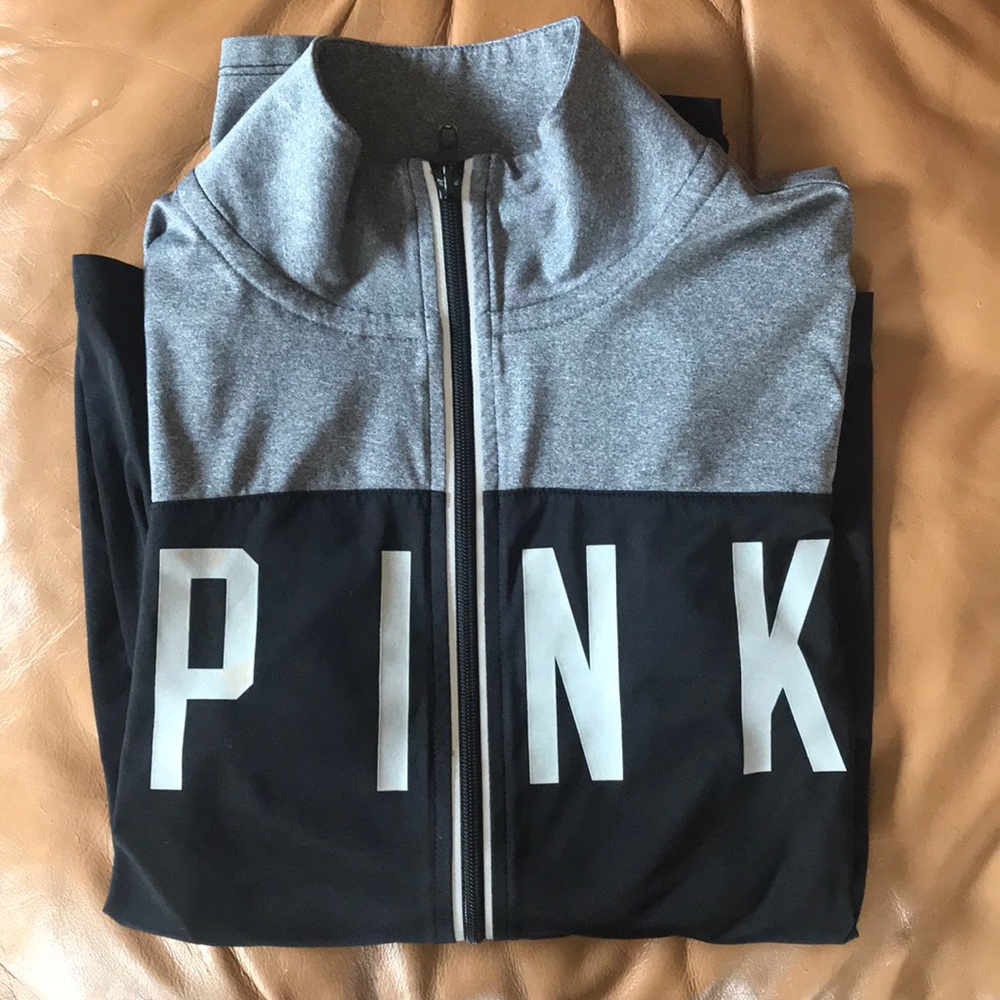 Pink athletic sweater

---

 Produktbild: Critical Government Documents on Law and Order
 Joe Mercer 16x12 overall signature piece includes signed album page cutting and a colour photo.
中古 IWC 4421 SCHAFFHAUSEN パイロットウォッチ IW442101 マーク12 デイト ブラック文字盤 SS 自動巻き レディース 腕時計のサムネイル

Prompt ::
Given the records above, restate word for word only the lines starting at the one with "Joe Mercer 16x12" and ending at the one with "中古 IWC 4421".

Exercise result ::
 Joe Mercer 16x12 overall signature piece includes signed album page cutting and a colour photo.
中古 IWC 4421 SCHAFFHAUSEN パイロットウォッチ IW442101 マーク12 デイト ブラック文字盤 SS 自動巻き レディース 腕時計のサムネイル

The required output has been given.